It is becoming more and more evident that these sorces of water are teh way to go for a sorce of drinking water in the Inland Empire or at least Rialto and as Rialto is concered. If they are unable to clean this well ten the implications can be very costly to the city!!
BS Ranch
Article Launched: 8/02/2006 12:00 AM
Robert Rogers, Staff Writer
San Bernardino County Sun
The paper, issued by the Environment California Research and Policy Center of Los Angeles, also criticizes the corporations it says are responsible for the pollution for failing to act sooner.
Perchlorate, an ingredient in rocket fuels, was first discovered in Rialto's groundwater in 1997.
Using test data reported by Goodrich Corp., which operated a facility in Rialto in the 1950s and 1960s that is thought to be a source of perchlorate contamination, the paper's authors conclude some wells are now measuring water 200 times more contaminated than last year.
"The evidence suggests the perchlorate contamination problem in Rialto is not getting better, it's getting worse," said the report's lead author, Sujatha Jahagirdar.
"It also shows very clearly the negligence and recalcitrance of the corporations responsible for polluting the area," he said.
The report hypothesizes that heavy rains last winter raised the water table and that the water splashed previously dry, perchlorate-laced soils and created a new "pulse" of contamination.
The report said that the new pollution pulse threatens several wells around PW-2, the well from which the data was gathered.
But the report, dubbed the "White Paper," is only one element of a renewed vigor surrounding the issue of perchlorate contamination, responsibility and cleanup, all of which remain far from resolved.
The City Council on Tuesday took symbolic action, approving a three-pronged resolution calling on the Santa Ana Regional Water Quality Control Board to issue cleanup orders to Goodrich Corp., Emhart Corp. and other perchlorate dumpers and calling on the county Board of Supervisors to join the city in its efforts to effect cleanup.
The council also authorized $22,000 for the distribution of "Blast From the Past," a perchlorate-education DVD produced by Cal State San Bernardino, to each of Rialto's 32,000 households.

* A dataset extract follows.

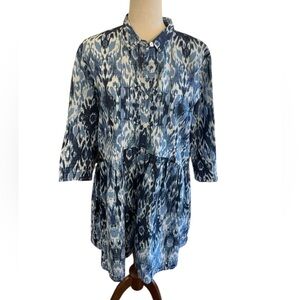 RO’S GARDEN Tyla Deauville Ikat Shirtdress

"The longer nothing is done, the longer it will take to solve this problem," City Attorney Robert Owen said. "This is such a huge problem, we can't afford to not keep up public awareness."
Davin Diaz of the Center of Community Action and Environmental Justice in San Bernardino said he, along with other environmentalist groups, had prodded the city to seek a symbolic resolution.
"It is an outrage that so little has happened to address this problem since 1997," Diaz said. "The county and the city should be working together to pressure these multibillion-dollar corporations who have the ability and responsibility to pay."
Estimates of the total cleanup cost on the plume of perchlorate contamination stretching beneath Rialto and Colton have ranged up to $200 million.